Maiakóvski sabia que Klébnikov não era pra todo mundo. E escreveu mais precisamente:
Se um livro se destina apenas a uns tantos e para seu exclusivo consumo e se, além disso, não tem qualquer outra finalidade, é sem dúvida alguma inútil. (...)

Mas se um livro se dirige a alguns - da mesma maneira que a energia do Volkstoi se transmite a umas tantas subestações que distribuem depois a energia transformada na corrente elétrica - é sem dúvida alguma útil.

Livros destes dirigem-se, na verdade, a um número reduzido de produtores, não de consumidores.

(do texto "Os operários e os camponeses não vos compreendem")

Klébnikov, força dinamitante da palavra, não é para o leitor que não esteja interessado em construir com os escombros e entulhos dessa explosão. Porque quem vê a explosão sem o exercício da historicidade estará de mãos vazias. E é inadimissível uma leitura alienada da experiência artífice.

Para Maiakóvski (que era poeta de Estado, e não para o Estado. Um poeta pelo Estado - porque o Estado são todos) o leitor não é um concorrente, não é o filho-da-puta que é para todo o resto da tradição moderna. Não tem hipocrisia: o leitor é camarada de barricada e fruição.


2.

Mesmo os escritores mais generosos são amargos para se dirigirem ao seu público. A hora da estrela (paradigma) está cheio de alfinetadas de raiva - "(Há os que têm. E há os que não têm. É muito simples: a moça não tinha. Não tinha o quê? É apenas isso mesmo: não tinha. Se der para me entenderem, está bem. Se não, também está bem.".


3.

Alguém me ajuda a pensar, por favor!


4.

Estou lendo o livro A literatura em perigo /// lucidez. A começar pelo final da quarta capa, que é o cartão-de-visita do livro.
Uma concepção estreita da literatura, que a desliga do mundo no qual ela vive, impôs-se no ensino, na crítica e mesmo em muitos escritores. O leitor, por sua vez, procura nos livros o que possa dar sentido à existência. E é ele quem tem razão.
Os grifos são meus. É que quando eu comecei a escrever este texto eu estava pensando num argumento de fundo que seria, mais ou menos, a sensação de termos hoje muitos escritores querendo dinamitar tudo e poucos querendo construir.
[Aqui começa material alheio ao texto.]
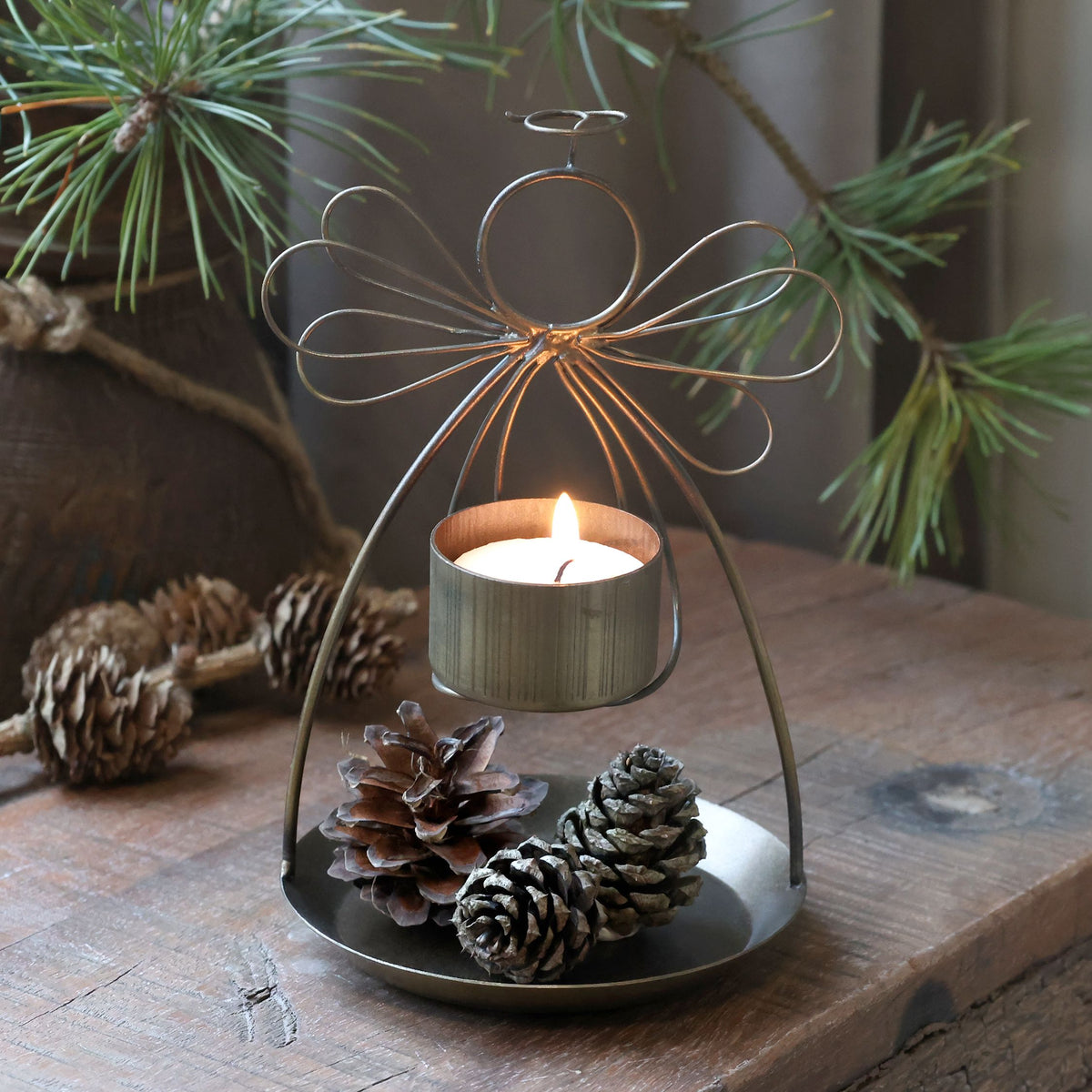 Kerzenständer mit Engel aus Eisen, 16 cm hoch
Tem mais escombros que cidades. (Caetano Veloso canta: Everybody knows that our cities were built to be destroyed). Mas temos que contruir cidades.

Tem que morar.

Pode ser o operante no capitalismo contemporâneo. A ênfase no consumo joga a produção para debaixo do tapete. A produção não deixa de existir, mas ela se reduz ao escasso e está cercada de tanto autoritarismo explícito que é bem pouco charmoso você querer produzir.


5.

Pasolini defendia aos berros que a chamada "democratização da escola" era na verdade despida de bondades, destinada à padronização dos modos de vida, e o triunfo fascista aos sorrisos, vitoriosa naquilo que os fascistas carrancudos fracassaram.
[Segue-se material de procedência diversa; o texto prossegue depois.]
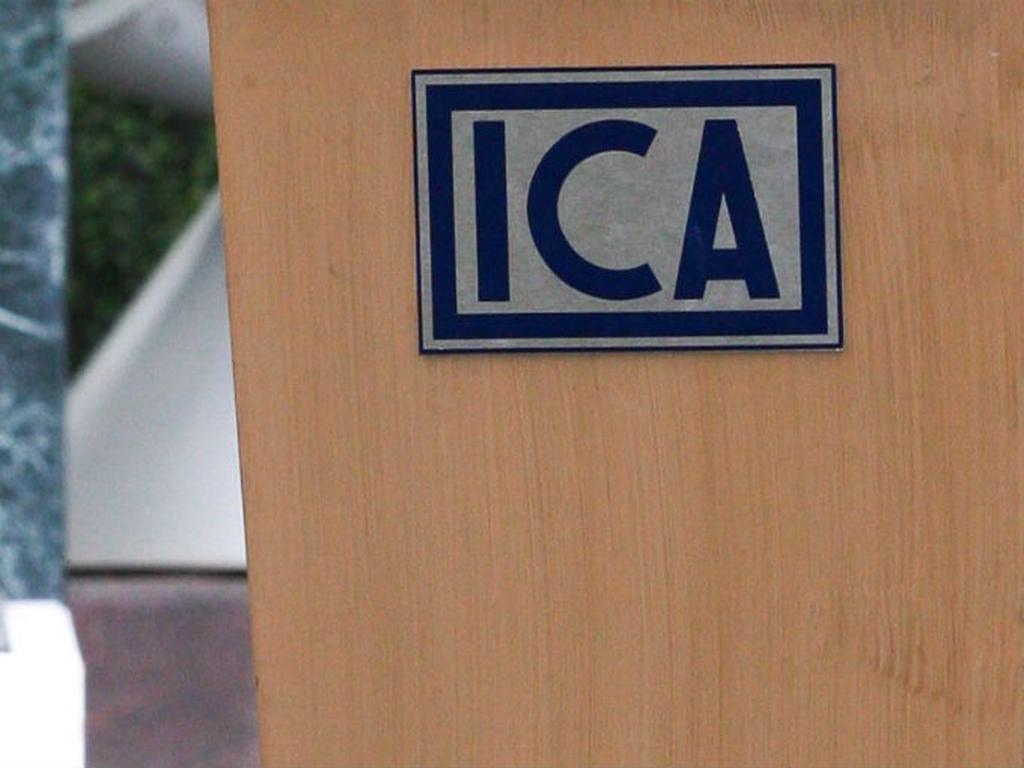 ICA informó el lunes que Standard & Poor's bajó a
Todorov, no livro acima citado, pode reforçar esse argumento ao dizer que "a concepção redutora da literatura não se manifesta apenas nas salas de aula ou nos cursos universitários; ela também está representada de forma abundante entre os jornalistas que resenham livros, e mesmo entre os próprios escritores. Devemos nos espantar? Todos esses passaram pela escola. (...) Numerosas obras contemporâneas ilustram essa concepção da literatura; elas cultivam a construção engenhosa, os processos mecânicos de engendramento do texto, as simetrias, os ecos e os pequenos sinais cúmplices".

O que resta é. O que resta?

MASSACRE

Eram mil a atacar
o só objeto
indefensável
e pá e pé e ui
e vupt e rrr
e o riso passarola no ar
grasnando
e mil a espiar
os alfabetos purpúreos
desatando-se
sem rota
e llmn e nss e yn
eram mil a sentir
que a vida refugia
do ato de viver
e agora circulava
sobre toda ruína


(Drummond)

6.


o príncipe

Sonhei com alguém pra me proteger
ele cortava o mato de uma clareira
e eu a cada dia mais perto das ervas rasteiras.

Ao topo de toda a minha época herói de mim mesmo revigoro:
acredito que existam intimidade, calor e frio,
o estômago é o novo coração e o coração é o novo leão.